Con i suoi 95 anni in via di compimento, pur potendo spingersi per ragioni anagrafiche addirittura a Benito Mussolini, e volendo paragonare a qualcuno il buon Matteo Renzi, a lei chiaramente indigesto, Marisa Cinciari Rodano ha chiamato il presidente del Consiglio, e segretario in carica del Partito Democratico, “Matteo Craxi”.

Per  la vedova Rodano, comunista tanto convinta da essersi fermata nella sua militanza politica all’esperienza dei Ds, rifiutando la confluenza nel Pd con quella parte della Dc pur proveniente dalla sinistra più aperta al Pci, non c’è quindi modo peggiore di trattare Renzi che paragonarlo a Bettino Craxi. Che fu ed è ancora, per quanto morto da più di 15 anni, l’uomo, e non solo il socialista, più odiato dai comunisti.

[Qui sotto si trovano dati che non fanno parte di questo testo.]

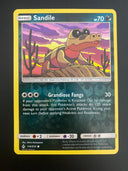 Pokemon Sandile 114/214 Unbroken Bonds Reverse Holo OFFCENTERED NM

I quali non gli hanno mai perdonato, oltre all’autonomia rivendicata e praticata rispetto al Pci, lo stesso obbiettivo perseguito oggi da Renzi: la modernizzazione di una sinistra troppo a lungo inchiodata alla lotta di classe, in un mondo peraltro in cui le classi sono tanto cambiate e si sono tanto mescolate che pensare di poterle ancora mettere le une contro le altre, e scommettere su un simile scenario, sa di caverna, non di società.

La caverna preferita da questo tipo di sinistra è quella in cui anche i ricchi – come diceva un celebre manifesto affisso sui muri all’epoca dell’ultimo governo di Romano Prodi – debbono piangere, potendo o addirittura dovendo questo bastare a far ridere i poveri.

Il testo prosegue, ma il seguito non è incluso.